Niedługo opublikujemy również nasze pomysły na prezenty dla różnych osób – od dziadka (mój dziadek jest bardzo specyficzny i nigdy nic nie chce. Z nim mam zawsze największy problem) po siostrę czy brata. Na pewno każdy znajdzie jakąś inspiracje dopasowaną do swojej rodziny.
Świąteczna wishlista 2016 |
- Resibo serum ujędrniające – jest na mojej liście już od dawna i bardzo chcę je wypróbować. Ten produkt jest naturalny i do tego podobno naprawdę działa. Chciałabym je przetestować na własnej skórze, bo 26 lat to idealny moment, żeby zacząć działać przeciwzmarszczkowo (oczywiście wcześniej też można).
- Rękawiczki Emu Apollo Bay Chocolate – moje poprzednie rękawiczki okazały się nie być tak wytrzymałe, jak oczekiwałam.
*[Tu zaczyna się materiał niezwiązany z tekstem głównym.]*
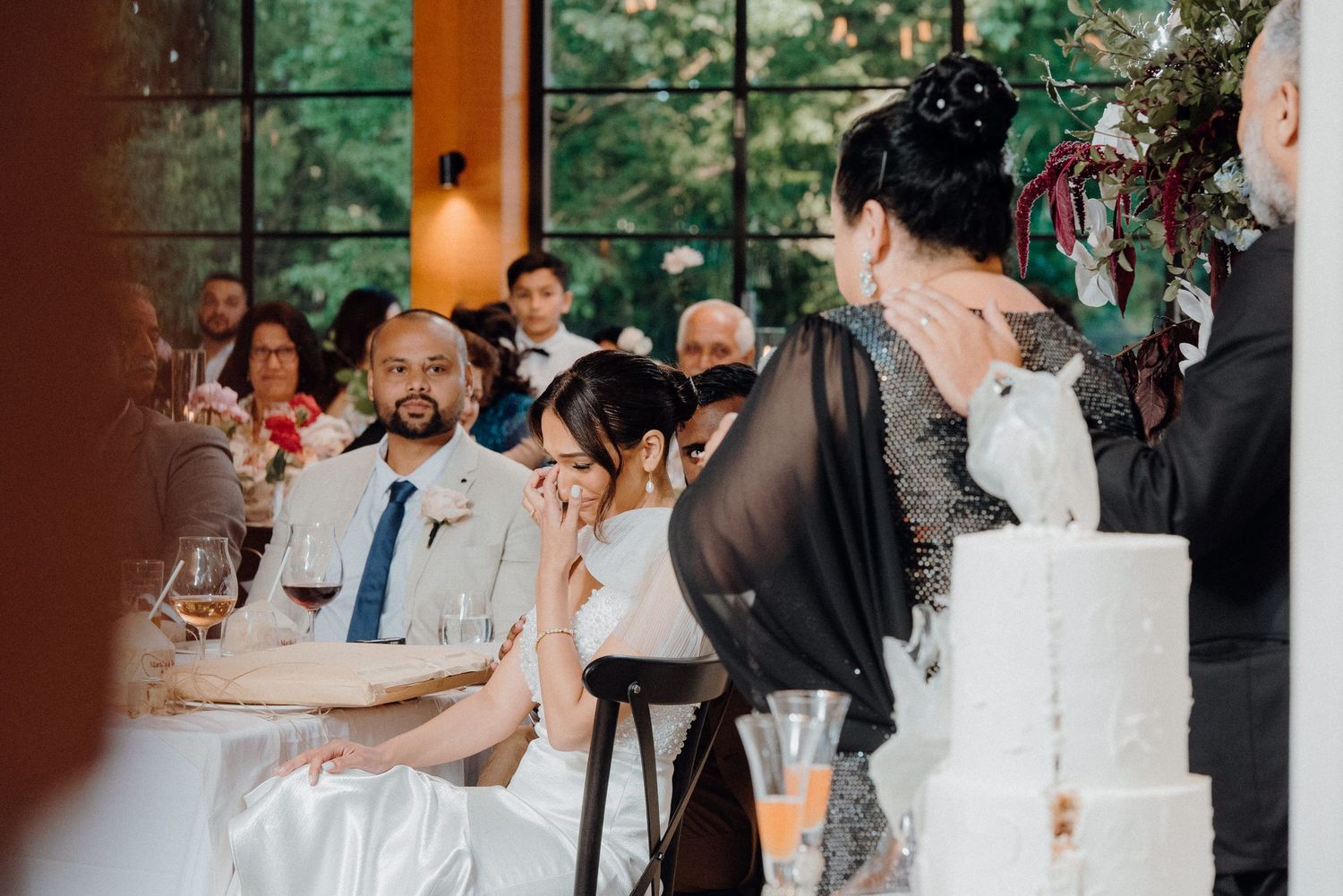 Reception guests gathered at tables while listening to wedding speeches.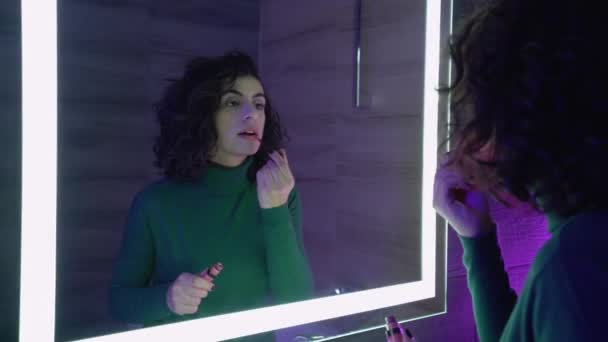 Atractiva joven aplicación de brillo de labios en el espejo del baño delantero, maquillaje diario — Vídeos de Stock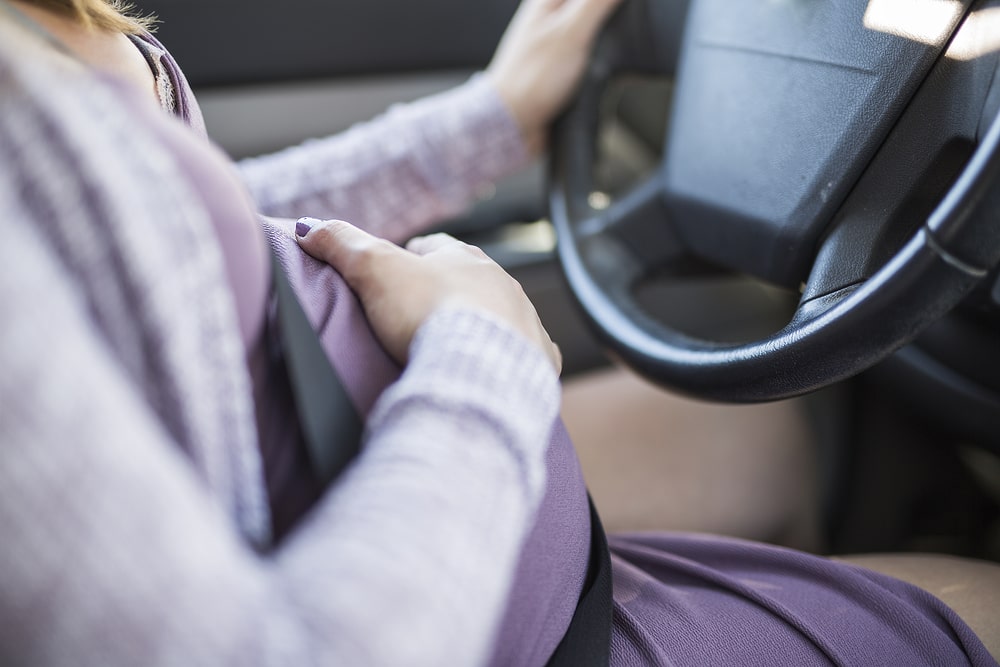 Pregnant Woman Sitting By The Wheel Of A Car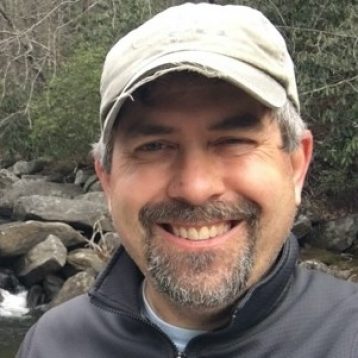 Head shot photo of a man standing outside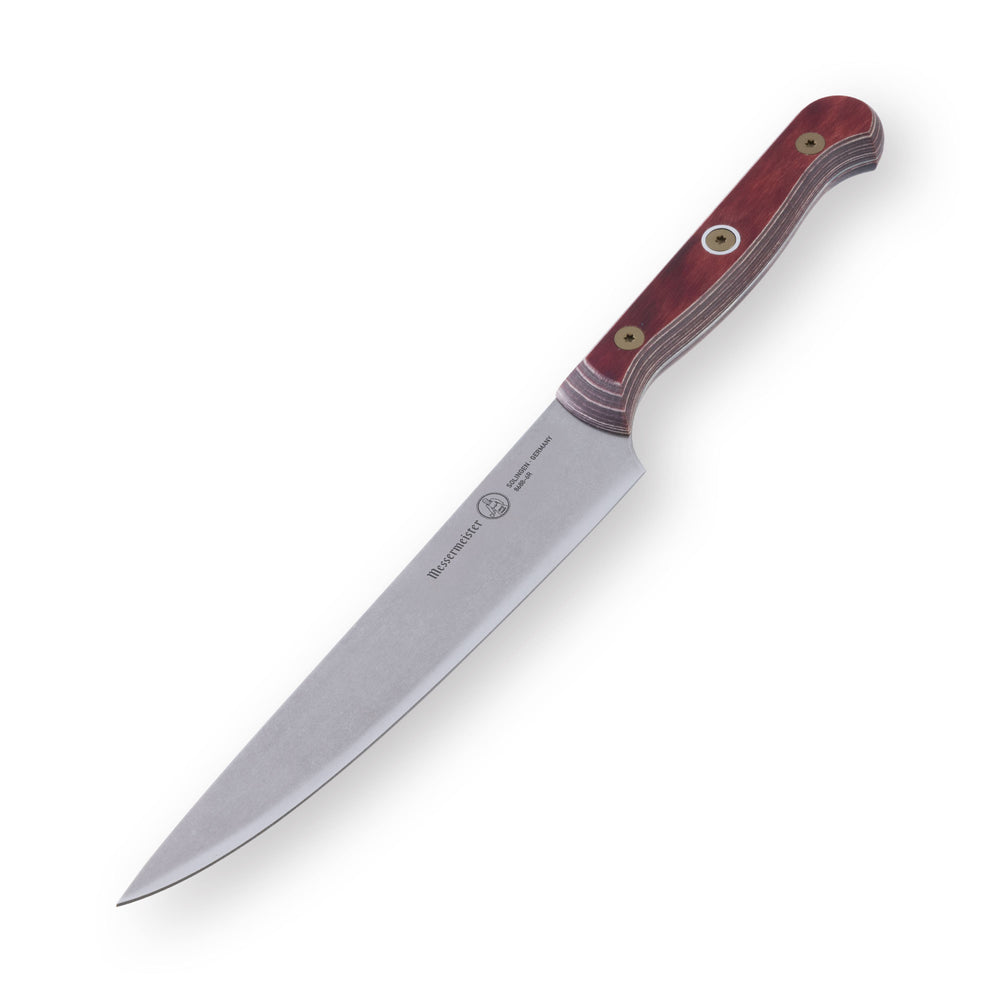 6-inch Messermeister Custom Red utility knife shown at a downward angle, highlighting the polished stainless steel blade and bold red ergonomic handle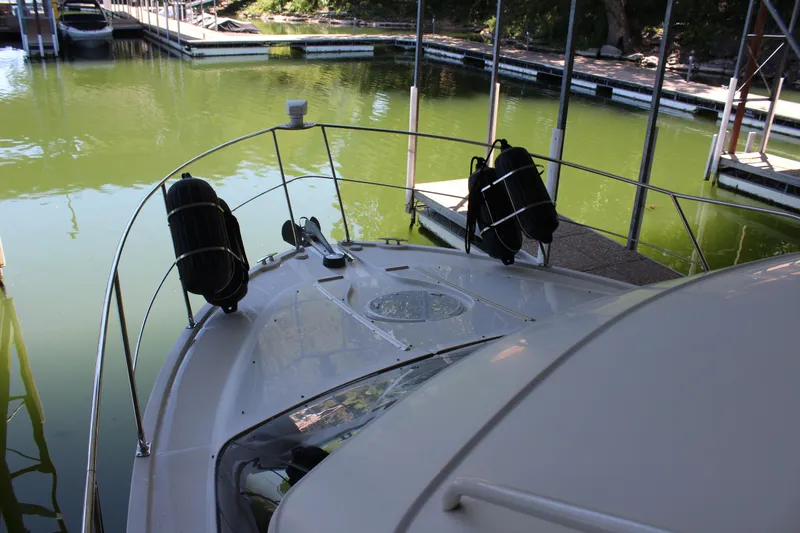 Slide: The Image of 2009 Carver 36SS boat docked in a marina. - 28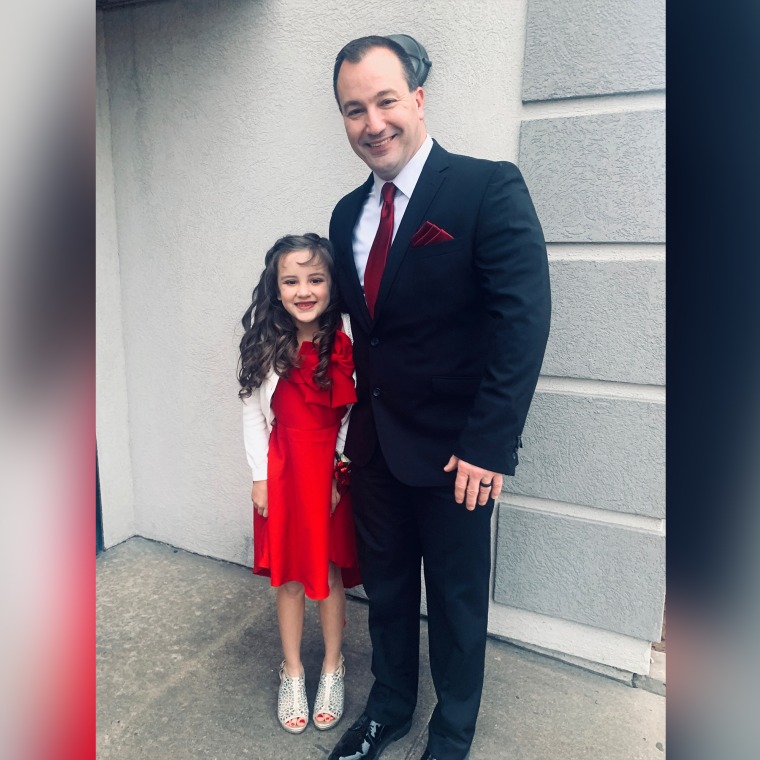 Harvey and Cox at the father-daughter dance on Feb. 10.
Nie są też super ciepłe, a ja niestety jestem zmarzlakiem i potrzebuję ręękawiczek, które ogrzeją moje dłonie nawet w bardzo chłodne dni.
- Masełko otulające do ciała Naturativ (możecie je kojarzyć jako Pat&Rub) – uwielbiam je za zapach i działanie. Szybko się wchłania, pachnie karmelem i cytryną i bardzo dobrze nawilża. To mój numer jeden w zimowej pielęgnacji ciała.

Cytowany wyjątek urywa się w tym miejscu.